Understand data scope and duration

AML AI is set up to assess money laundering risk for one line of business. An LoB is associated with one of your retail or commercial customers.

When creating a dataset for use with an LoB, you should first determine the time range for which the dataset should cover.

Dataset time range

The time range is composed of three parts:

Historical data requirements chart

  • Core time window: This time range must be covered by all tables in the dataset. Different API operations have different requirements for the core time window to generate features and labels:

    • Creating an engine config (for tuning): minimum of 18 months
    • Creating a model (for training): minimum of 15 months
    • Creating prediction results (for scoring): minimum of 1 month
    • Creating backtest results (for backtesting or model evaluation): minimum of 3 months, include more months for more precise evaluation

  • Lookback window: An additional 24 months of data is needed prior to the core time window to support model features that trace activity over time. Minimum lookback window requirements vary by table.

  • Additional risk case events: Data on risk cases more recent than the dataset end time can be included to have more complete labels for training and evaluation of models.

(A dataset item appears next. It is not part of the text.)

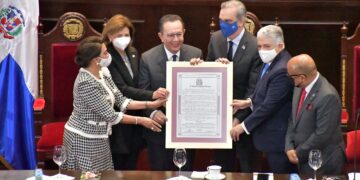 El Senado de la República reconoce a Héctor Valdez Albizu, gobernador del Banco Central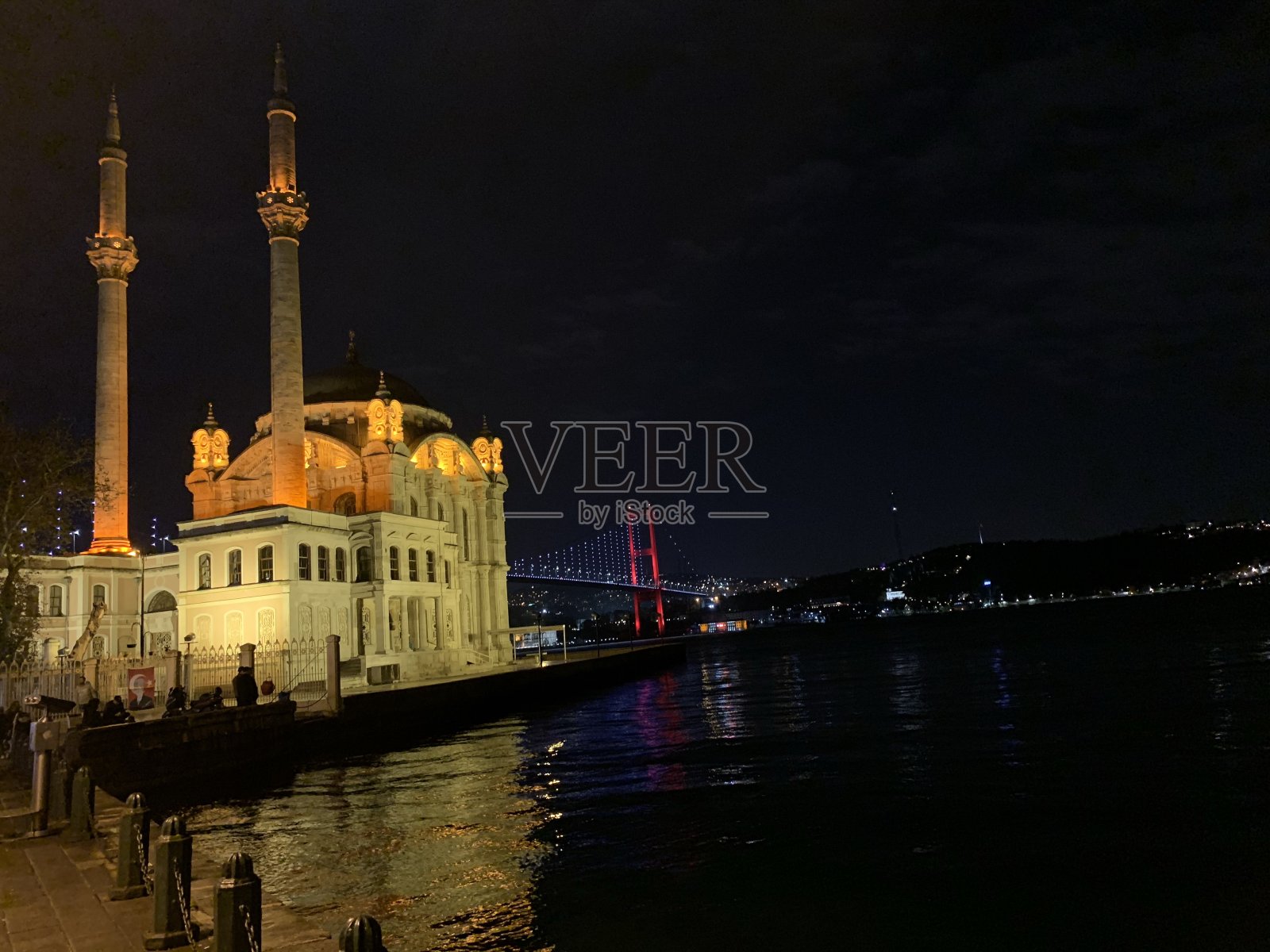 伊斯坦布尔的Ortakoy清真寺照片摄影图片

For example, you must create an engine config to use the rest of AML AI. You must create a dataset that covers at least 42 months of transaction data (18 months of core time window and 24 months of lookback window).

Tables to use

For a given core time window and LoB, the BigQuery dataset used with AML AI should contain the following tables:

  • Party: All parties relevant to that LoB for the entire core time window — no lookback window is required
    • Retail LoB: All retail banking customers that have held accounts at any point in the core time window
    • Commercial LoB: All commercial banking customers (legal and natural entities) that have held accounts at any point in the core time window
  • AccountPartyLink: Full history of which accounts were held by which parties for the entire core time window as well as a 24-month lookback window. This should cover all accounts for products and services when a party in the Party table is (or was) the primary account holder
  • Transaction: All transactions for accounts in the AccountPartyLink table for the entire core time window as well as the 24-month lookback window
  • RiskCaseEvent: All risk case events (see event type values) for any risk case and party in the Party table with an AML_PROCESS_START (start of investigation) in the core time window and a minimum 12-month lookback window. Some of these events might have an event time earlier or later than the core time window and lookback window.
  • PartySupplementaryData: (If used) For 0 to 100 unique party_supplementary_data_id values, include a full history of the values of these fields for all parties in the Party table for the core time window — no lookback window is required.

Using additional data

See Supplementary data if you have additional data on parties (not otherwise covered in the schema) that is relevant to identifying money laundering risk.